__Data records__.
___

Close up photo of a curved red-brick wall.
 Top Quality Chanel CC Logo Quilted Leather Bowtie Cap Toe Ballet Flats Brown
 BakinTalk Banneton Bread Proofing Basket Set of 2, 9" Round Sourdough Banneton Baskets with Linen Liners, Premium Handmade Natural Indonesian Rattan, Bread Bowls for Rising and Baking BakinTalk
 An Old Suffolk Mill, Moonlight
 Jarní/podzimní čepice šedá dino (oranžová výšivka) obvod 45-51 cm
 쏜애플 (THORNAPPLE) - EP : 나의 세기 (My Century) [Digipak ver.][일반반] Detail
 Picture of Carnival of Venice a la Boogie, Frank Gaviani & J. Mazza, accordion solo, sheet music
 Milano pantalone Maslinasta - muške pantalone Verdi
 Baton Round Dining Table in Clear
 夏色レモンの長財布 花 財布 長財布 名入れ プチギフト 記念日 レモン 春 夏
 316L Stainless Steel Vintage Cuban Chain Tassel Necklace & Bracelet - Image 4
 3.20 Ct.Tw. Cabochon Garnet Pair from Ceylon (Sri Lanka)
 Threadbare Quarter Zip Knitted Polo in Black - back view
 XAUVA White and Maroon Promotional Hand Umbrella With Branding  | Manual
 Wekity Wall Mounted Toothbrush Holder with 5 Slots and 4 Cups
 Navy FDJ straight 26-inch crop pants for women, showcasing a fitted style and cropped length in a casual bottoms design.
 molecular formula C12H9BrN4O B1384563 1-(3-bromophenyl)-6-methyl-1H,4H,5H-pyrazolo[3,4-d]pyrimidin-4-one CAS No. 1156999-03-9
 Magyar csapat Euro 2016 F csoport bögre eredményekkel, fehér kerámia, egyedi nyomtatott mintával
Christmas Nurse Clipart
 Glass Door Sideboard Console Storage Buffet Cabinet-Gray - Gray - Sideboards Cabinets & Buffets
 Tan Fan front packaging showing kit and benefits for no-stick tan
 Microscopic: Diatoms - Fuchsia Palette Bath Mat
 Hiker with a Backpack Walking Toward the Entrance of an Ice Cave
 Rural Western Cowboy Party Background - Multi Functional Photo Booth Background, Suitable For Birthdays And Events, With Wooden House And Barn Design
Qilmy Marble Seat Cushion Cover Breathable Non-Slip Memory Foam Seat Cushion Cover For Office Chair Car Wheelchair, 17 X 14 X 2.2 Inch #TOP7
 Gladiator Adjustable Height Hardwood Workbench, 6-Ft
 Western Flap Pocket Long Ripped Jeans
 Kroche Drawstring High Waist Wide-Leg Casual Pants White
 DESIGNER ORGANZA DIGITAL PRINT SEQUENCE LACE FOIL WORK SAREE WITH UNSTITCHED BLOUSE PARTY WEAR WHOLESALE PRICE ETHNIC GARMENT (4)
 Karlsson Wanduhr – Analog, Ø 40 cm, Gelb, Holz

___

__WHAT YOU ARE ASKED TO DO__. What you write must match the records above exactly, line for line.

__EXPECTED OUTPUT__.
Close up photo of a curved red-brick wall.
 Top Quality Chanel CC Logo Quilted Leather Bowtie Cap Toe Ballet Flats Brown
 BakinTalk Banneton Bread Proofing Basket Set of 2, 9" Round Sourdough Banneton Baskets with Linen Liners, Premium Handmade Natural Indonesian Rattan, Bread Bowls for Rising and Baking BakinTalk
 An Old Suffolk Mill, Moonlight
 Jarní/podzimní čepice šedá dino (oranžová výšivka) obvod 45-51 cm
 쏜애플 (THORNAPPLE) - EP : 나의 세기 (My Century) [Digipak ver.][일반반] Detail
 Picture of Carnival of Venice a la Boogie, Frank Gaviani & J. Mazza, accordion solo, sheet music
 Milano pantalone Maslinasta - muške pantalone Verdi
 Baton Round Dining Table in Clear
 夏色レモンの長財布 花 財布 長財布 名入れ プチギフト 記念日 レモン 春 夏
 316L Stainless Steel Vintage Cuban Chain Tassel Necklace & Bracelet - Image 4
 3.20 Ct.Tw. Cabochon Garnet Pair from Ceylon (Sri Lanka)
 Threadbare Quarter Zip Knitted Polo in Black - back view
 XAUVA White and Maroon Promotional Hand Umbrella With Branding  | Manual
 Wekity Wall Mounted Toothbrush Holder with 5 Slots and 4 Cups
 Navy FDJ straight 26-inch crop pants for women, showcasing a fitted style and cropped length in a casual bottoms design.
 molecular formula C12H9BrN4O B1384563 1-(3-bromophenyl)-6-methyl-1H,4H,5H-pyrazolo[3,4-d]pyrimidin-4-one CAS No. 1156999-03-9
 Magyar csapat Euro 2016 F csoport bögre eredményekkel, fehér kerámia, egyedi nyomtatott mintával
Christmas Nurse Clipart
 Glass Door Sideboard Console Storage Buffet Cabinet-Gray - Gray - Sideboards Cabinets & Buffets
 Tan Fan front packaging showing kit and benefits for no-stick tan
 Microscopic: Diatoms - Fuchsia Palette Bath Mat
 Hiker with a Backpack Walking Toward the Entrance of an Ice Cave
 Rural Western Cowboy Party Background - Multi Functional Photo Booth Background, Suitable For Birthdays And Events, With Wooden House And Barn Design
Qilmy Marble Seat Cushion Cover Breathable Non-Slip Memory Foam Seat Cushion Cover For Office Chair Car Wheelchair, 17 X 14 X 2.2 Inch #TOP7
 Gladiator Adjustable Height Hardwood Workbench, 6-Ft
 Western Flap Pocket Long Ripped Jeans
 Kroche Drawstring High Waist Wide-Leg Casual Pants White
 DESIGNER ORGANZA DIGITAL PRINT SEQUENCE LACE FOIL WORK SAREE WITH UNSTITCHED BLOUSE PARTY WEAR WHOLESALE PRICE ETHNIC GARMENT (4)
 Karlsson Wanduhr – Analog, Ø 40 cm, Gelb, Holz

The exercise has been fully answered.